Райс Чан все так же бледен, сосредоточен, поглощен создаваемым им самим музыкальным строем. Он меняет длину струн, оттягивает их в сторону от точного порожка ладов, скользит на грани между потами, извлекает из струн все, что они могут дать, не лопнув, заставляет звук извиваться в полете, дует ему под крылья и снова позволяет мелодии ускользнуть и раствориться в бесконечности.
Странное наслаждение чувствуешь, слушая чужую музыку, даже если она, как все чужое, не сразу, нелегко усваивается. Поэтому не удивительно, что кое-кто из нас с облегчением вздохнул, когда Райс Чан спустя полчаса, закончив игру и впервые улыбнувшись, благодарил за аплодисменты.
Затем наступил черед Европы. В ответ на индийский концерт за рояль сел наш дирижер, ударил сразу всеми десятью пальцами по клавишам, и впервые за весь вечер прозвучал аккорд. Трезвучия нагромождались на трезвучия, все было полно буйных красок, медвяного аромата чешских лугов и рощ. Этот музыкант тоже импровизировал, но его музыка была проникнута стихийной романтикой полных любви воспоминаний. Он снова и снова погружался в пучину Сметаны и явно не мог насытиться этим…
На этот раз наши хозяева слушали так, как до того слушали мы. Одни с искренним интересом, другие с облегчением вздохнули, когда прекратилась игра.

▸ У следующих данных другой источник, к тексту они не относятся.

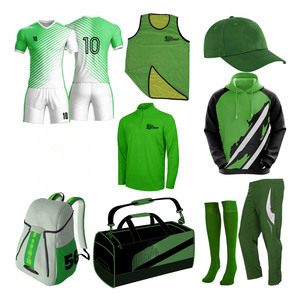 Top Quality <b>Soccer</b> Kits Lightweight Factory Manufacturer Affordable Price OEM Service <b>Soccer</b> Kits For Men - Product Image 1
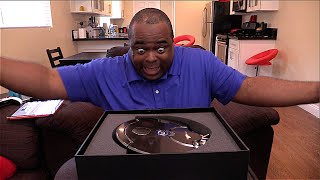 OMG! Dyson 360 Eye ROBOT! [Unboxing & Demo]
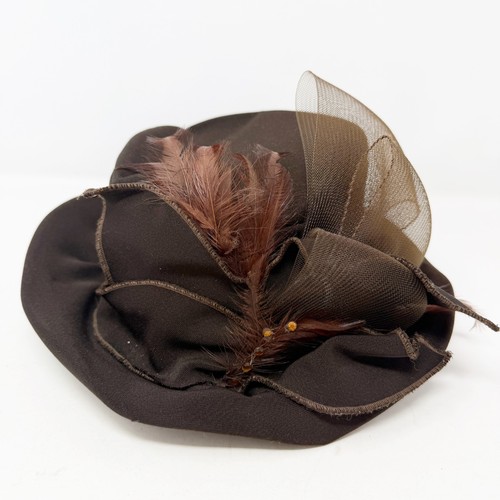 Moshita couture brown - couture,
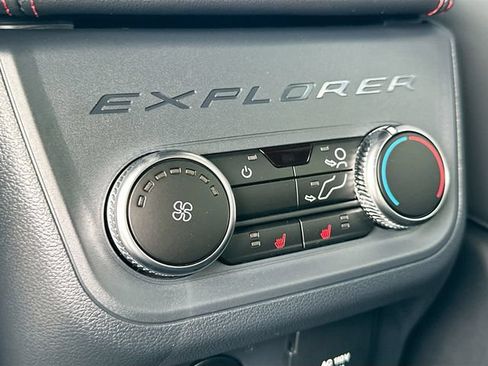 New 2026 Ford Explorer ST w/ Sun And Sound Package RWD image 18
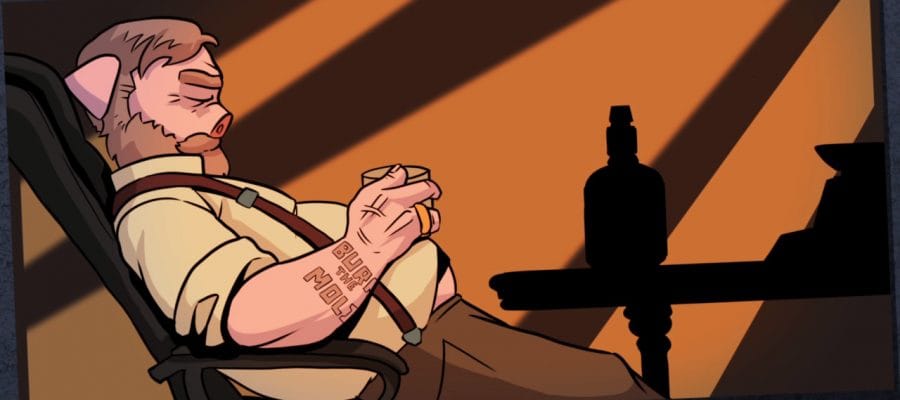 Save Koch LadiesGamers.com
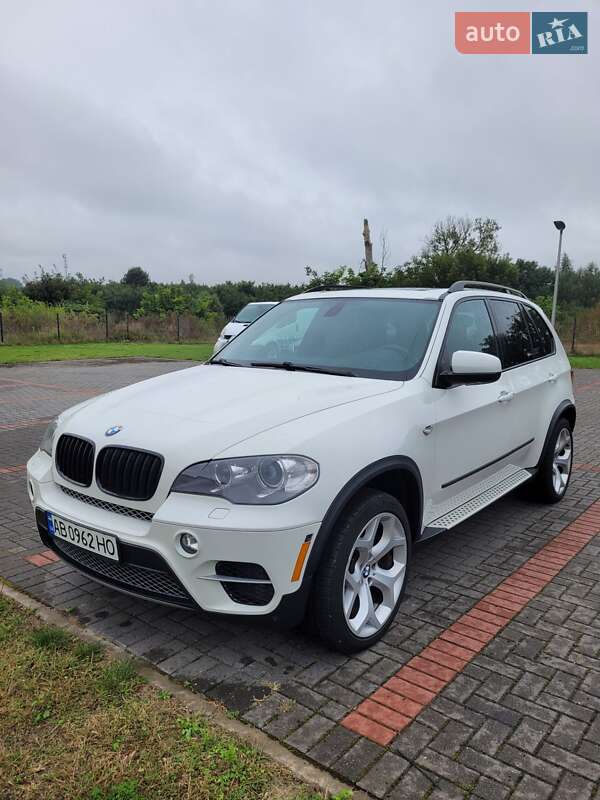 BMW X5 2013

Дамаянти Джоши владела своим телом так же искусно, как владел пальцами Райс Чан. Это была великолепная танцовщица. Сначала мы установили, что она красива, по-настоящему обольстительна. На ней была скромная шелковая одежда, расшитая золотом, конец длинной юбки продернут между ногами. На груди было повязано кружево — иногда это производит такое впечатление, будто индийские танцовщицы носят бюстгальтеры поверх одежды.
Дамаянти показала нам классический танец, созданный, очевидно, еще в те времена, когда мужчины были мужчинами, и ничто не могло становиться вровень с ними. Она превратилась в драгоценность, в нечто безмерно желанное, но не могущее существовать само по себе. Она пристально смотрела вперед, не на кого-нибудь определенного и все же так, что у каждого мужчины создавалось впечатление, будто именно его она избрала своим защитником. Дамаянти сверкала зубками, слегка покачивала бедрами, смеялась глазами, звенела браслетами на щиколотках. Вот она взмахнула руками, и вокруг стала извиваться гирлянда из мужских сердец, нанизанных одно за другим, — Дамаянти могла делать с ними, что ей вздумается.